Allergic rhinitis (AR) is an IgE-mediated disorder triggered by exposure of nasal mucosa to allergens.1 In a worldwide study of over 1 million adolescents aged 13 and 14 years, the prevalence of AR was 14.6%.2 AR results in rhinorrhea, itching, and sneezing as well as sleep disturbance, which are easily observed and reported by parents or guardians.3 However, nasal congestion, the most common symptom of AR, may be more difficult to elicit from young children.23 A main goal of AR research is to understand genetic and environmental triggers for AR and factors that lead to variations in its natural history. Identifying pathways that allow AR to be expressed is fundamental to improving preventative strategies, developing diagnostic tools, and designing therapies.

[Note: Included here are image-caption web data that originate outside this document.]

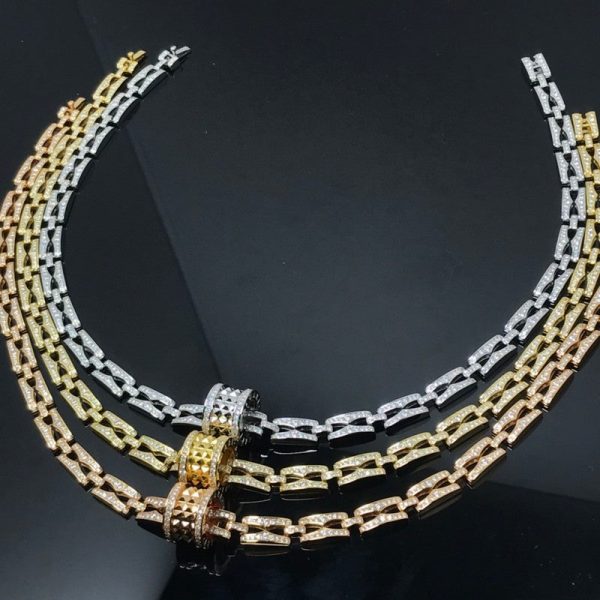 18K B.ZERO1  Diamonds Chain Link Necklace - 图片 4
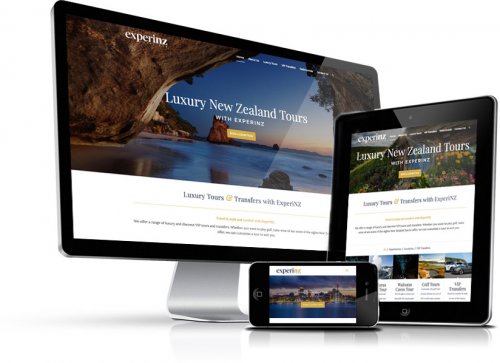 image of the ExperiNZ site designed by Merge Media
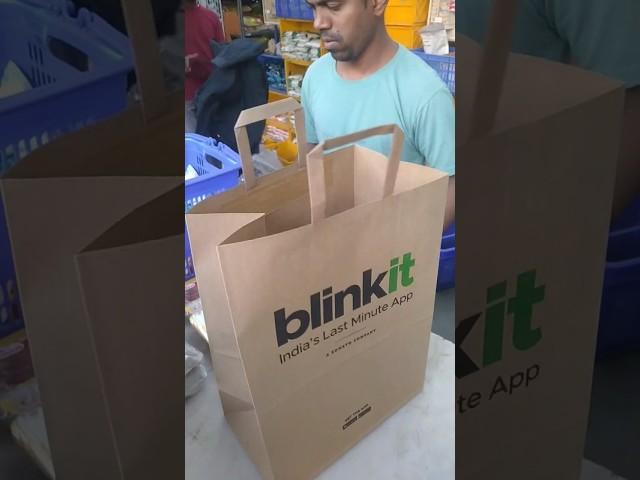 Unveiling Blinkit Store: The Future of Grocery Shopping in India"#BlinkitStore #InsideView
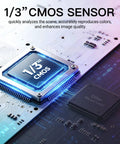 1/3" CMOS sensor on a computer circuit board for Fresh 1080P Full HD Webcam For Pc With Built In Mic And Privacy Slide Cover.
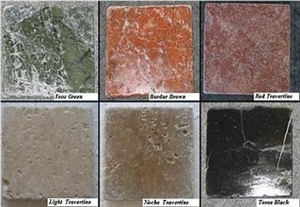 10*10 Tumbled Marble Tiles
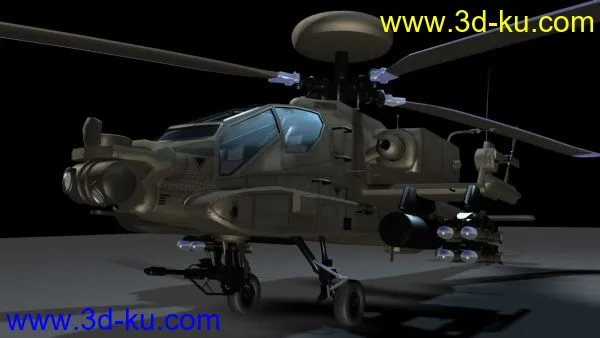 阿帕奇武装直升机模型的图片3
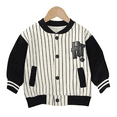 thumbnail image 1 of XBASW Baby Toddler Baseball Jacket for Boys Varsity Letterman Coat Spring 1-6 Years Boys Fall Light Bomber Outerwear for Kids, 1 of 12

Exosomes are present in most body fluids, and their composition differs depending on their cellular origin.456 Vesicles in the extracellular space are derived from exosomes and also from ectosomes (shedding vesicles). The presence of RNA has previously been confirmed in exosomes from saliva, plasma, and breast milk.7 Exosomes can transfer genetic material to nearby cells, thereby affecting the function of the recipient cell.789 However, importance of exsomes in the regulation of AR remains to be established. MicroRNAs (miRNAs) are small (22-25 nt) endogenous noncoding RNAs that anneal to the 3'-UTR of target mRNAs to mediate inhibition of translation and lower protein levels. The presence of microRNA (miRNA) in exosomes from certain bodily fluids, including saliva, has also been confirmed.910 MicroRNAs have emerged as key negative regulators of diverse biological and pathological processes, including developmental timing, organogenesis, apoptosis, cell proliferation, differentiation,11 and tumorigenesis.1213 Previous reports implicated miRNAs in the development of AR.1415 However, alterations in vesicle miRNA content in AR have not yet been described. The primary goal of this study was to characterize differences in vesicle miRNA in nasal mucus from AR patients and to explore their biological functions.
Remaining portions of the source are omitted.